Helmut Gollwitzer –  ZITAT


ZU LUTHER

Die Kirche wird aus einer Institution, die herrscherlich die Heilsgüter verwaltet, zur „Herde, die auf ihres Hirten Stimme hört“, zur Schar von Mensch, die den Ruf gehört haben und weitertragen. Alle Beziehungen zwischen Gott & Menschen werden aus sachhaften zu personalen. Keiner hat mehr etwas vor dem anderen voraus, weil alle auf Hören angewiesen sind und sich brüderlich mit dem Wort dienen können und sollen; der Unterschied zwischen Klerus & Laien, die ganze hierarchische Stufenordnung fällt dahin. Unmittelbar spricht das Wort zu jedem und macht ihn frei zu eigenem Höfen; die Kirche kann nur noch dienen, helfen, nicht mehr bevormunden. An die Stelle heiligen Kirchenrechts tritt die Freiheit der Gemeinde, ihre Verhältnisse je so zu ordnen, wie es ihrem Auftrag am besten entspricht.

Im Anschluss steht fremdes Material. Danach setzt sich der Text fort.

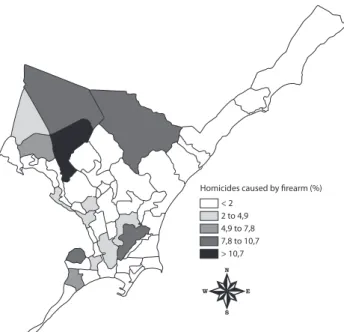 Figure 2 – Distribution Map of the proportion of deaths that oc- oc-curred in places with firearm assaults – Located in the East –  At-lantic Ocean – Maceió, AL, Brazil, 2012.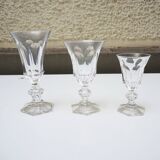 5 Verres à Pied en Cristal de Style Metternich H 13 cm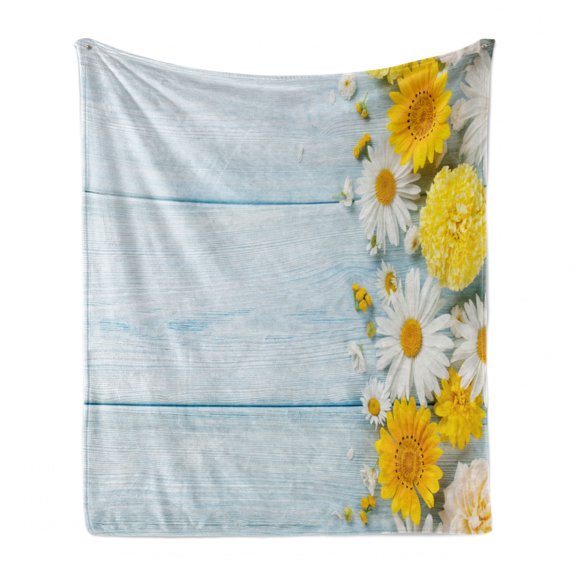 Yellow Flower Soft Flannel Fleece Blanket, Seasonal Garden Flowers on Blue Wooden Planks Rustic Arrangement Print, Cozy Plush for Indoor and Outdoor Use, 50" x 70", Yellow Pale Blue, by Ambesonne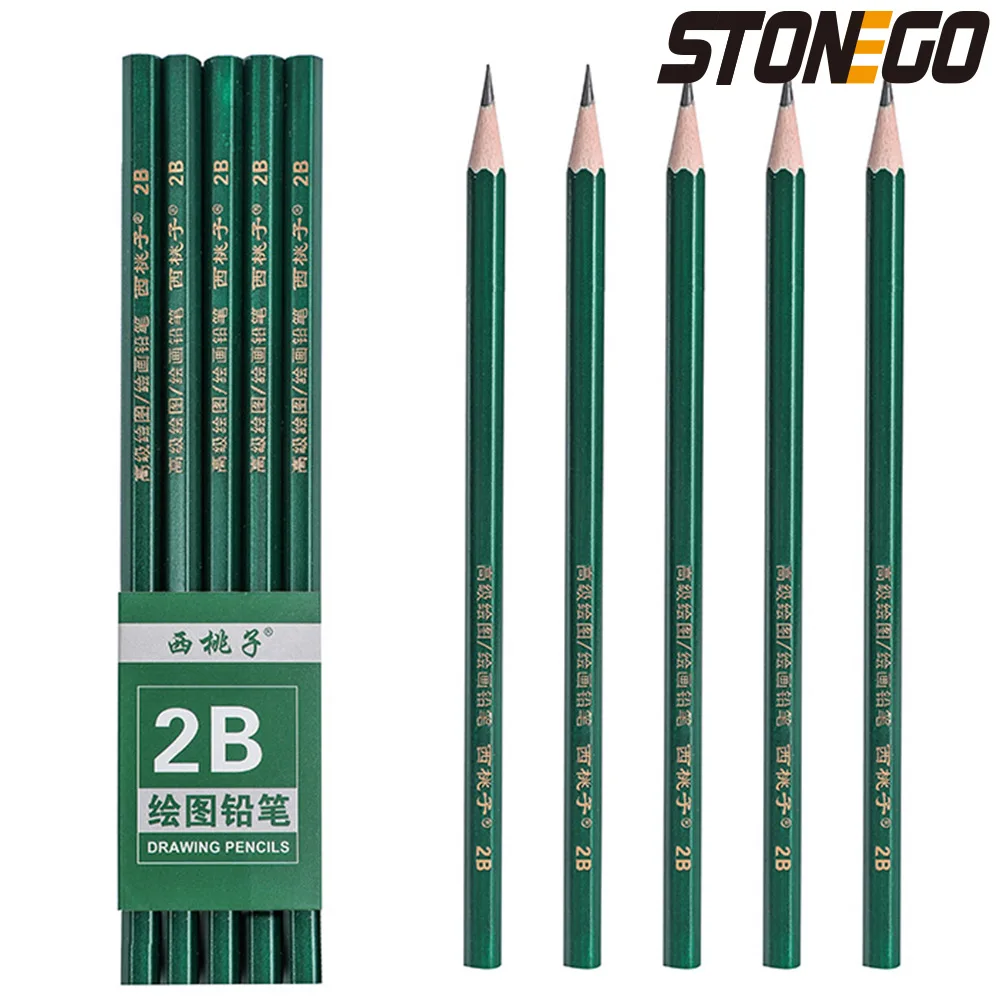 Drawing Pencils STONEGO 2B Non-toxic Standard Sketch Pencils Students Writing Special Hexagonal Children Drawing pencil Exam Pencil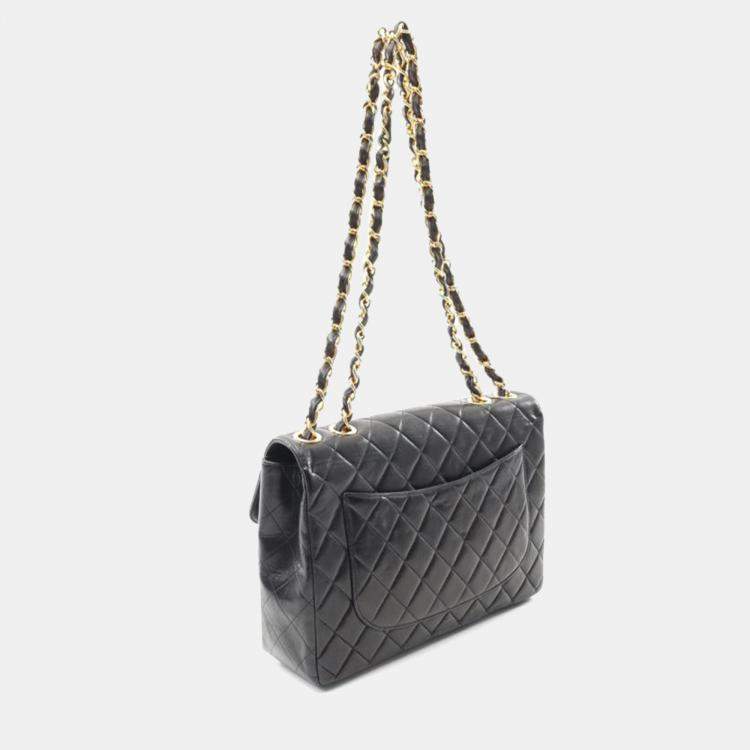 Pre Owned Chanel Jumbo Single Flap Black Lambskin Shoulder Bag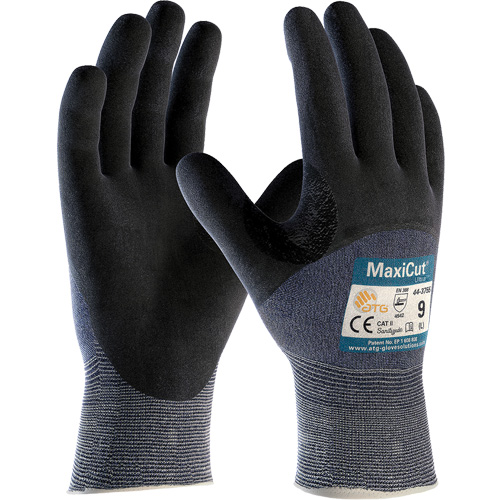 Gants r&eacute;sistants aux coupures en tricot sans couture ATG MaxiCut Ultra, Taille Grand, Calibre 15, Rev&ecirc;tement Nitrile, Enveloppe en Fil technique, ASTM ANSI niveau A3/EN 388 niveau 5/EN 388 niveau C Duraquip Inc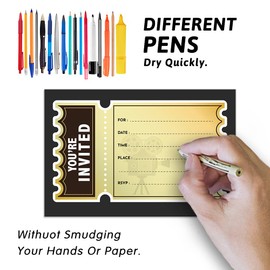 Cusrtyh Movie VIP Party Invitations，VIP Movie Night，Birthday Party Invitations，VIP Ticket Party Invitation，15 Cards With 15 Envelopes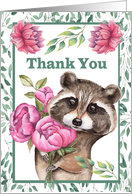 Thank You with a Beautiful Raccoon Holding a Big Bunch of Flowers card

Dieser Auftrag ist alles. Er sendet die Gemeinden und die Einzelnen in die Welt; diese ist das Feld des Dienstes, nicht mehr  überlagert von höheren sakralen Ebene, in der sich , in der sich heiliger leben läßt. Es geht gar nicht mehr ums Heiligsein, sondern ums Gehorchen, im irdischen Beruf ( dies Wort bekommt nun seinen heutigen Klang), in Familie, Staat, Arbeit, in der Nüchternheit des Alltags.
Hören & Lieben – das sind Akte der Freiheit. Sie lassen sich nicht erzwingen, darum darf die Kirche sich nie mehr des Schwertes bedienen; ihr Schwer ist das Wort.
Darum darf sie auch nicht die Welt beherrschen , „verchristlichen“ wollen, nicht vorschreiben, wie der Dienst des Einzelnen auszusehen hat; sie kann nur an Gottes Gebote erinnern, raten, mahnen; das Gebot hören und entscheiden, wei seine Befolgung jetzt auszusehen hat, ist Sache der Verantwortung des Einzelnen, nicht in der Isolierung, sehr wohl im brüderlichen Rat, aber in unabnehmbarer Verantwortung.
Das ist ein männliches, freies Klima. Wo der Mensch sich nicht schämt, Kind zu sein, das aus der Gnade des Vaters lebt, da entstehen, freie, aufrechte Männer, die den Mut haben Einzelne zu sein & Verantwortung & Entscheidung nicht scheuen.
Die Luft des Evangeliums ist eine Luft der Freiheit & Luthers größtes Entsetzen galt der Erkenntnis, daß statt dessen in der Kirche die Stickluft des Gesetzes, des Zwangs und der Angst eingezogen war. Wo sie wiederkehrt – & sie kann überall wiederkehren, weil der Mensch oft genug die Freiheit fürchtet & den Zwang liebt!
-, da steht Luther auf der Seite des Protestes. Wer die Zeichen der Zeit im Osten & im Westen zu lesen versteht, sieht, wie einsam & wie aktuell diese lutherische Protest auch heute allenthalben ist.
(Vorwort Martin Luther/ Helmut Gollwitzer /Fischer Bücherei S. 14/15)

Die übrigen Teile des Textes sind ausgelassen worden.